I came back to this place for an additional force, and returned to Lawrence with a posse composed of four men, citizens of this county, to assist me in recovering my prisoner; and arresting other persons for theft and other crimes. When there, I summoned an additional posse from among the citizens of Lawrence, -they refused to act, and with my small posse of four men, I attempted to make the arrests, and was again repulsed, and the prisoners taken from me by force, and violent threats uttered against me, and the laws of the territory.

Wilson Shannon

Wilson Shannon

Jones might as well have just told Shannon that he starred in the sequel to December’s trials. No law of nature demands history repeat; people insist on that. If Lawrence chose to resist him again, Jones could choose to move against the town with military force for a second time. He called on Shannon, who must have seen this coming from a sentence or two into the letter,

to furnish me with such military force as may be at your disposal, to assist me in enforcing the laws.

In late 1855, the force at Shannon’s disposal amounted to the half-organized territorial militia. This time around, Wilson Shannon had authorization from Franklin Pierce to call out the Army.


“Nearly all were armed” The Arrest of Samuel Wood, Part Four

Samuel Newitt Wood

Samuel Newitt Wood

Parts 1, 2, 3

We left Lawrence on the night of April 19, 1856. The town probably had a public meeting that endorsed resisting Sheriff Jones in his effort to arrest Samuel Wood, reciting the normal free state position that they had no obligation to follow the laws of the territorial government or respect the orders of its officers. While Lawrence did its usual, Samuel Jones also took inspiration from the past. Samuel Wood had thwarted Jones last time around, showing up with more men than Jones had to rescue Jacob Branson. Jones elected to try again with more men.

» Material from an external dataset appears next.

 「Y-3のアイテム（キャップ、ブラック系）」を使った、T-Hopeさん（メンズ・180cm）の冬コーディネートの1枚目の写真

John Speer takes us from there:

The following Sunday, April 20, Jones made a descent on the city, with a posse of ten men. The first effort was to arrest Mr. Tappan, (he was was afterward Colonel of the First Colorado, and a member of the Peace Commission under President Grant,) but Tappan resisted; and then, “there was a splendid chance for fun,” as the boys remarked.

Jones differs from Speer in telling Wilson Shannon that he came in with four men, but tried to get more inside Lawrence. Given we know proslavery people passed through the town, thanks to the example of Axalla Hoole, Jones might have genuinely expected to get more. Jones and Speer both have reasons to slant the numbers. For Jones, a small posse makes him appear more vulnerable and stresses how no one in Lawrence respected his authority. For Speer, a large one casts Jones more convincingly as an invader.

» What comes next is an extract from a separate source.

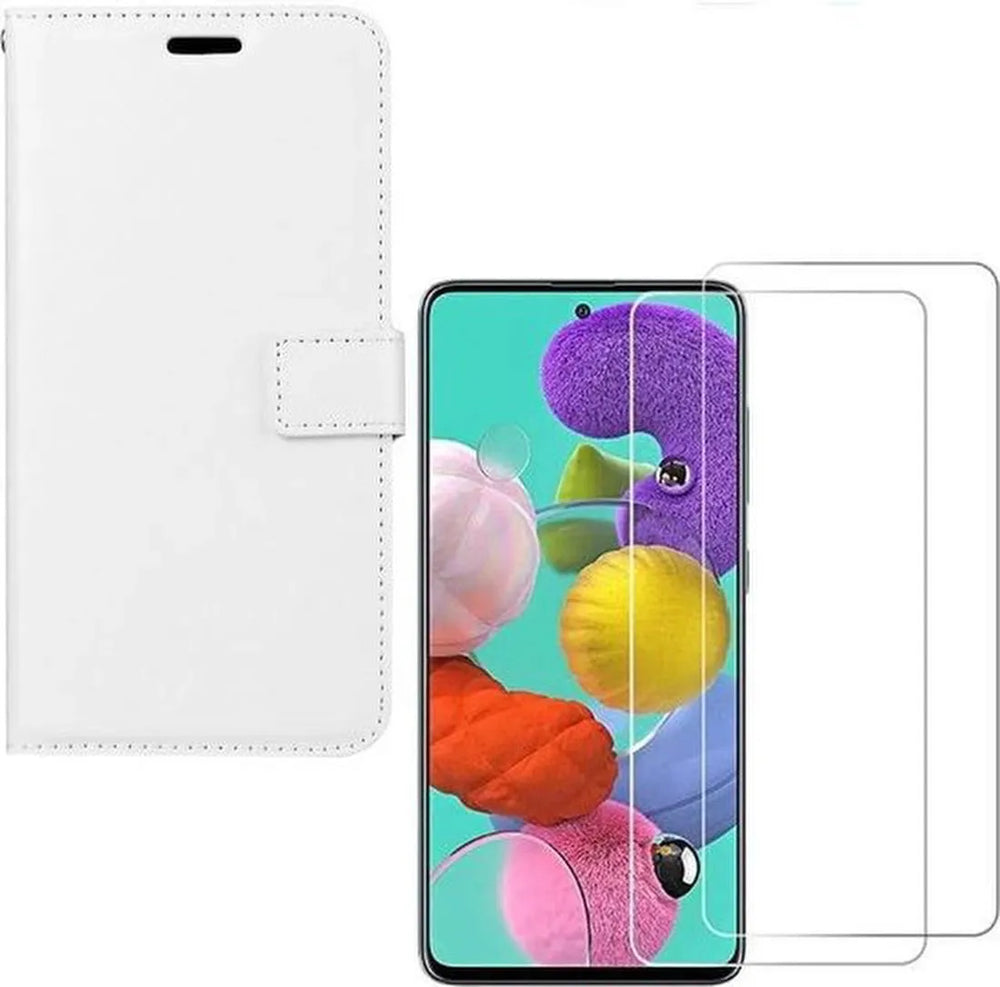 Samsung Galaxy A41 Hoesjes – Portemonnee Bookcase – Magneetsluiting – 2x Gehard Glas Screenprotector – Wit-Ilumina Benelux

Either way, it seems Jones and his posse came upon Samuel Tappan and found the third Samuel of this story not inclined to go quietly. The news reached to a nearby hall, where Reverend S. Y. Lum conducted a Sunday service.

It was “the church militant and the church triumphant” -and the church a la militaire, for that matter; for they were nearly all armed. The audience almost fell over each other in attempt to reach the scene; and the preacher was not more than a length behind, accusing Jones of breaking up his church.

This all sounds a bit too good to be true, but Lawrence’s men did rise against Jones and drive him off. Speer reports a rumor that Jones picked Tappan for his reputation as “a non-resistant.” If Tappan had ever professed pacifism, as some abolitionists did, but Speer believes the conviction left him when a territorial legislator knocked Tappan down. Tappan called the bogus legislature “a Nero Legislature”. The proslavery man didn’t know from Nero, but believed Tappan meant “a negro Legislature.” Thereafter, Tappan armed himself. That also sounds too good to be true, but if Tappan said it then he had to know southerners, and plenty of Yankees, would take it as a mortal insult. He might well have called the body “negro” and claimed Nero later on.